SUMMARY: Despite being right next to one of the best dives in town, this site still manages to attract divers. LOCATION: At the end of Tudor Ave. in the Cadboro Bay / University of Victoria area. -Next to Ten Mile Point. WHAT TO SEE: Not a huge amount of life compared to Ten Mile Point, but still a decent little dive. This bay is popular with dive classes and new divers. If you swim left, there is a reef and boulder-scattered bottom that goes down to about 60-70 feet. There are lots of purple urchins, orange burrowing cucumbers, california cucumbers and sunflower stars all over the place. You can see swarms of shrimp, hermit crabs, tunicates, nudibranchs and giant barnacles. Fish life includes copper and quillback rockfish, small lingcod, kelp greenlings and and assortment of small, hard to spot sculpins, gunnels, etc. There are a few octopus dens. The shallow areas are covered with bottom kelp in the warmer months. If you swim straight out, there is a mostly sandy bottom with a few scattered boulders. If you swim right, you get to Ten Mile Point. There is a bit of a transition zone here where the life starts to increase slowly and then before you know it you're on the wall at Ten Mile. CONDITIONS: This site is fairly well protected from current. If you swim out far in any direction, you may feel a bit of current when it's running. - Especially if you reach the Ten Mile Point area. Visibility is probably similar to Ten Mile Point, but maybe a bit less because it's shallower. I haven't been here enough to know for sure.

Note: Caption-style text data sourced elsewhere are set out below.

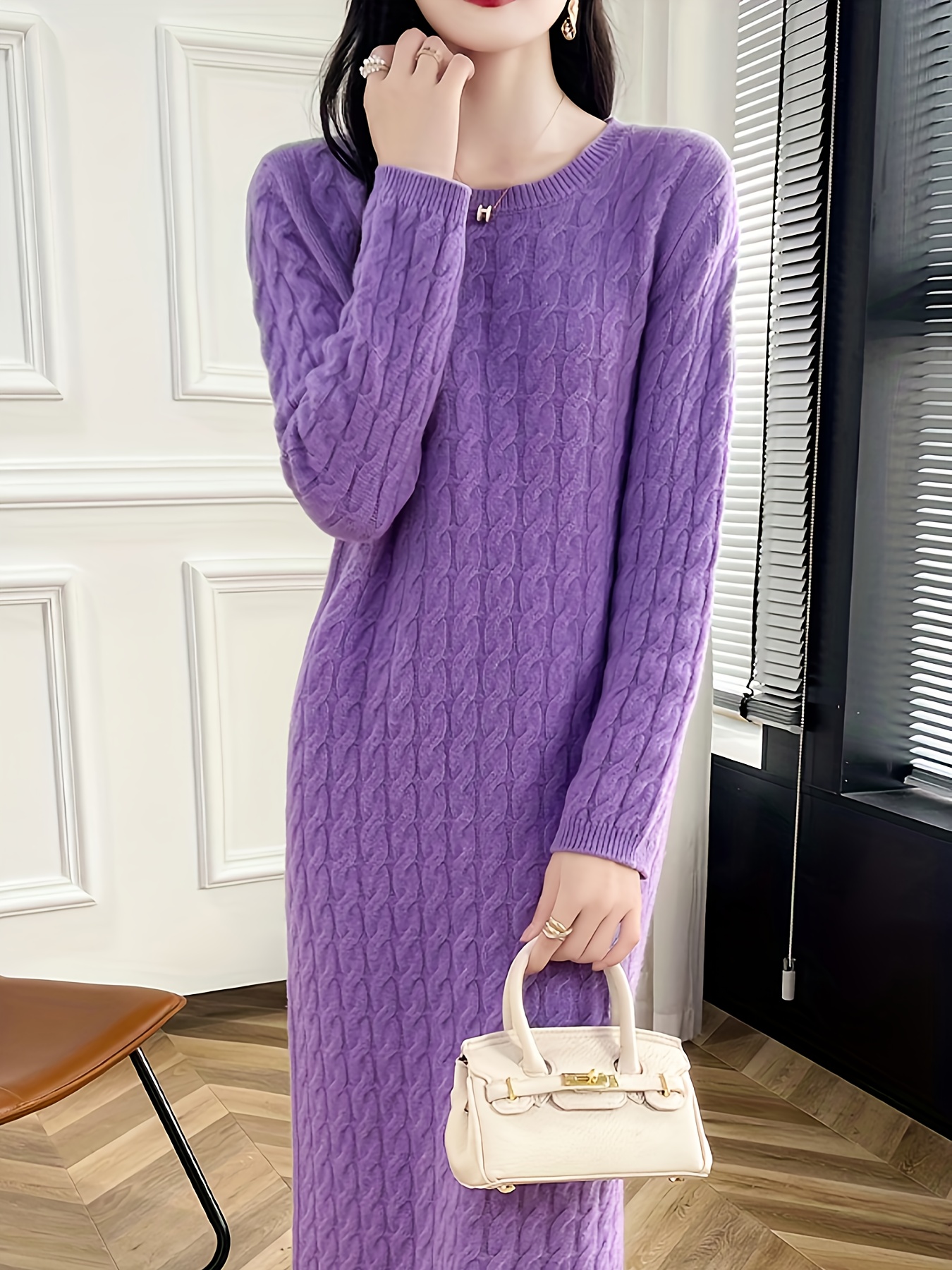 fitted lace wedding dress Women's Casual Sweater Midi Dress Long Sleeve Backless Loose Ribbed Kn –  Divahotcouture main image 1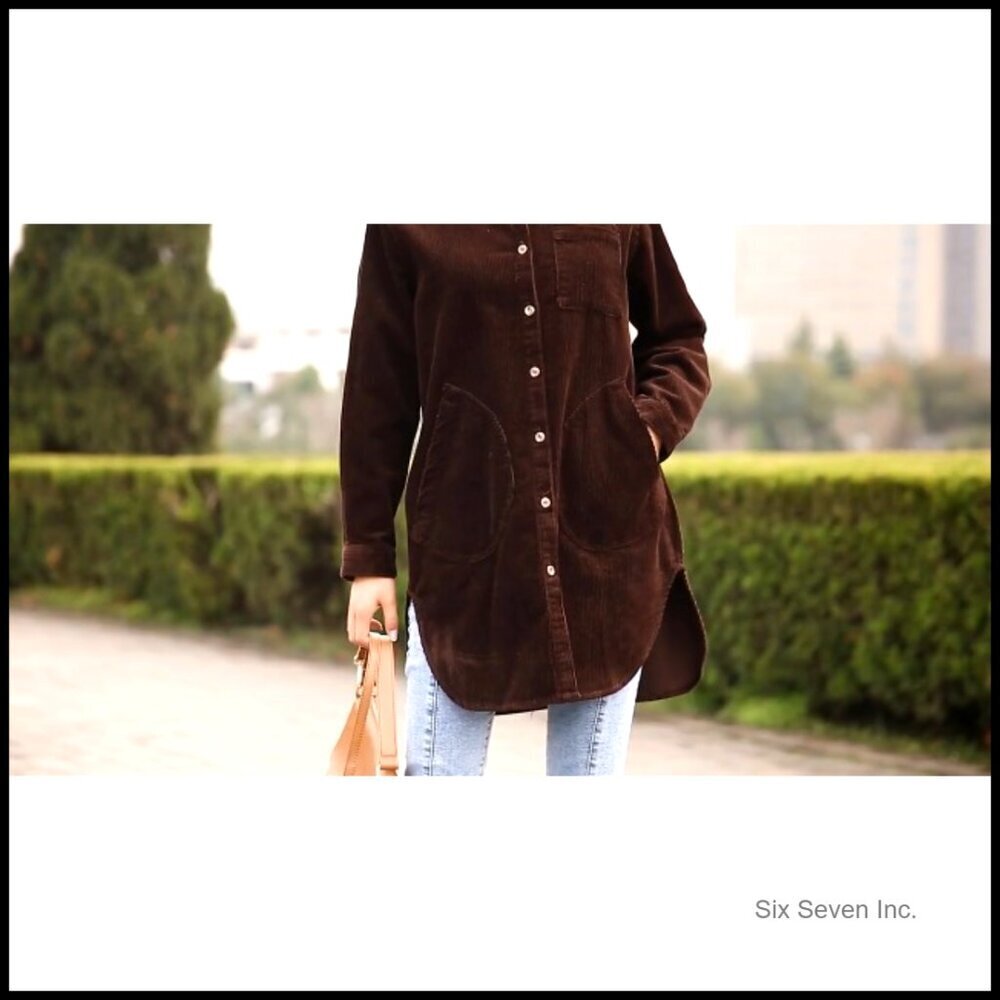 Corduroy Shacket Button Down Blouse Long Sleeve Oversized Chic Fall Tunic - Picture 7 of 7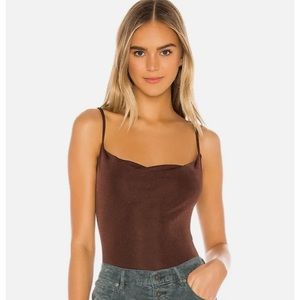 Free people brown cowl neck body suit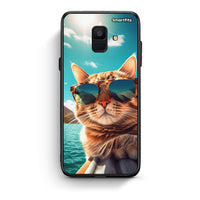 Thumbnail for samsung A6 Summer Cat θήκη από τη Smartfits με σχέδιο στο πίσω μέρος και μαύρο περίβλημα | Smartphone case with colorful back and black bezels by Smartfits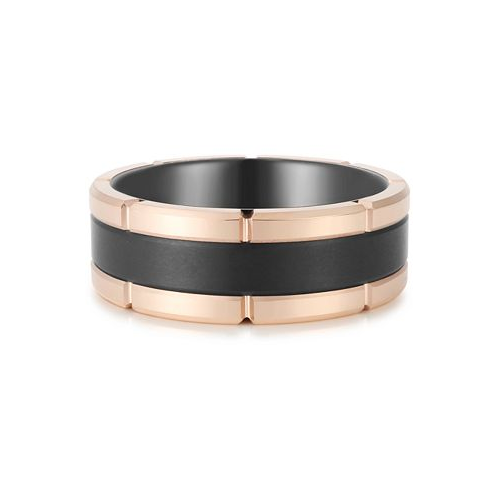 Macys Mens Two-Tone Notched Band in Rose & Black Ion-Plated Tantalum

Even though this isn't what I would usually consider to be a "good" dive site, I came back in Early June, 2007 because I haven't been here in awhile. Visibility was half-decent for Spring Bay (15-20 feet) and I had a few unusual sightings. I saw a group of copper rockfish in a circle with a ruby octopus in the middle. When I approached, the rockfish pretended to look innocent while the octopus jetted off squirting clouds of ink. About 2 feet away was a pacific octopus under a boulder. I also saw a flounder sitting on a boulder (usually they are on sand). It didn't move when I came close so I took my picture with it (I probably could have picked it up). I also saw a red rock crab with a group of hoodlum copper rockfish following it. There was also a sunflower star chasing a buffalo sculpin over a pile of urchins. The sea star actually caught it, but the sculpin flailed around and finally broke free. -Definitely a weird day underwater.
I wanted to try out a closer-up kind of lens (Canon 50mm), so I came here because I didn't want to dive where there was a chance of seeing something great enough to make me regret not having a wide-angle lens. Visibility was the usual Spring Bay 10-15 feet. I did see another small octopus being hassled by some copper rockfish again.